On the television program and during the colloquium, Ribbe, a philosopher and historian, acknowledged the “unspeakable” crimes which France committed against the Haitian people’s ancestors during both slavery and the independence war. Supporting Haiti’s demand for restitution, he called on the French government to “assume its responsibilites” and for French President Jacques Chirac to visit Haiti.

Aristide addressed the opening of the colloquium at the National Palace on Oct. 13. He said that he wanted to “abandon the path of confrontation” and find an amicable solution to the dispute between Haiti and France. “We know what happened here in Haiti,” he said. “There was slavery, a crime against humanity... In this spirit of dialogue, the government invites our foreign friends to look at the case for Restitution, to speak calmly and see how together we can arrive at the fruit of comprehension.”

The colloquium included guided tours of the Museum of the National Pantheon (MUPANAH), work shops, debate sessions, and an exposition by artists who participated in a contest on the theme of Restitution.

“Let’s not forget, that capitalism was built principally from the colonies of the Antilles and particularly from St.

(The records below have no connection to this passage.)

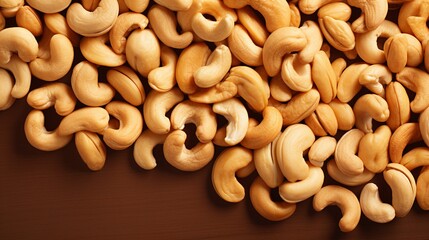 Close up of cashew nuts background. Top view. Generative AI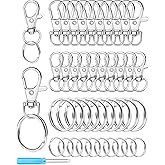 FIVEIZERO 60PCS Silver Swivel Snap Hooks and Key Rings Kit, 30PCS Keychain Clip Hooks, Lobster Clasps, 30PCS Key Chain Rings, KeyRings for Crafts, Jewelry Making and DIY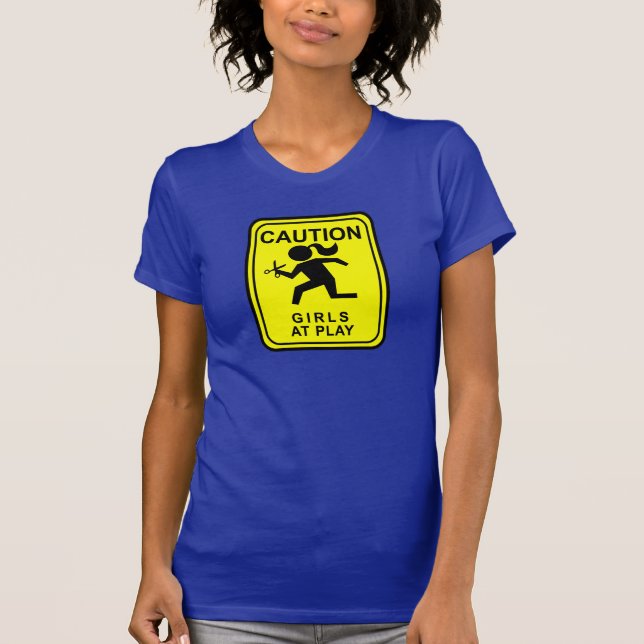 Caution Girls at Play - running with scissors T-Shirt (Front)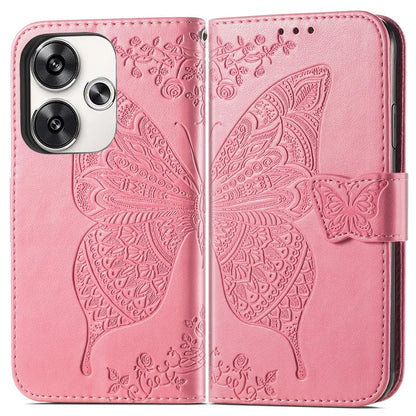 For Xiaomi Poco F6 5G / Redmi Turbo 3 5G Case PU Leather Wallet Phone Cover Butterfly Pattern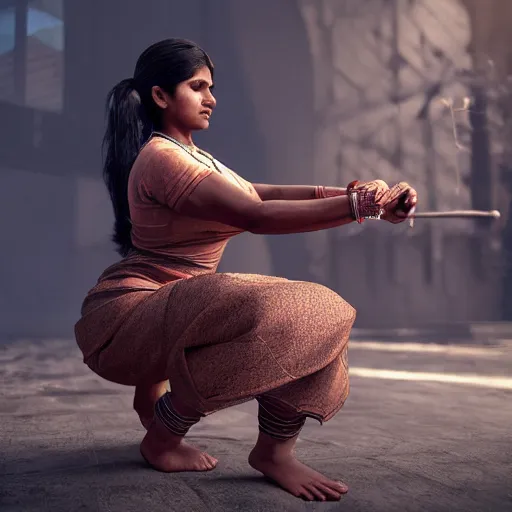 Image similar to indian woman doing squats, ultra realistic, concept art, intricate details, highly detailed, photorealistic, octane render, 8 k, unreal engine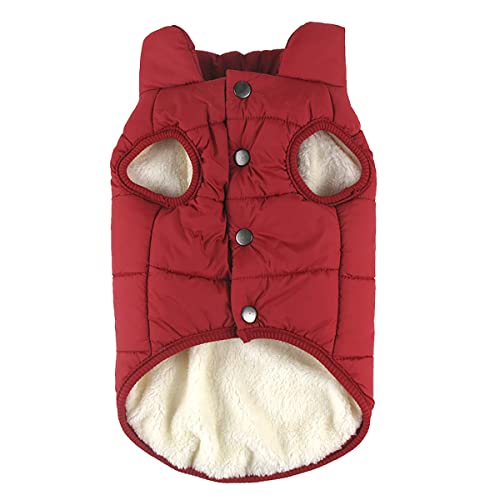 Cozylkx Mit Fleece Gefütterter Mantel Für Hunde Hündchen, Winter Warme Steppjacke Welpen Snap on Weste Winddicht Für Kaltes Wetter von Cozylkx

Domingue,” said one Haitian intellectual during the colloquium’s opening session. “Thus the splendor of Europe, and particularly the splendor of France, was built on Haiti’s back. Haiti didn’t owe France any debt. France owed Haiti a debt.”

In 1825, France sent an armada to Haiti to intimidate the young, isolated republic’s President Jean Pierre Boyer into signing an agreement for Haiti to pay an unprecedented indemnity in exchange for France’s recognition of Haiti’s independence.

Ironically, the most vocal critics of Haiti’s demand for restitution has been the small clique of politicians, power brokers, and pundits huddled in the Haitian opposition’s formations: the 15 “party-cle” Democratic Convergence opposition front, the hyper-inflated “Group of 184" organizations of assembly-industry-owner-turned-activist Andy Apaid, and the Civil Society Initiative of former neo-Duvalierist-minister Rosny Desroches.

Opposition spokespersons have argued, for example, that Haiti’s indemnity was paid not to the French government but rather as compensation to the former colonialists who lost their property in the independence war. Therefore, the French government is not liable, according to them.

Convergence leaders such as Gérard Pierre-Charles of the OPL and Evans Paul of the KID have also parroted French government retorts that Aristide has displayed poor governance and cannot be entrusted with a large restitution, as if it were up to France to decide.

Aristide responded to such statements during his speech in Marchand-Dessalines. “Is the big money [that restitution would bring] for the big leaders?” he asked the crowd. “That’s how it used to be done in the past. But with the Lavalas it should never be like that at all. Services should be provided if big money comes. Leaders had better make roads, hospitals, town squares, distribute food, irrigate land, and make the country more beautiful. That money has to serve everybody, rich and poor, minority and majority, people in the Lavalas and those not in the Lavalas.”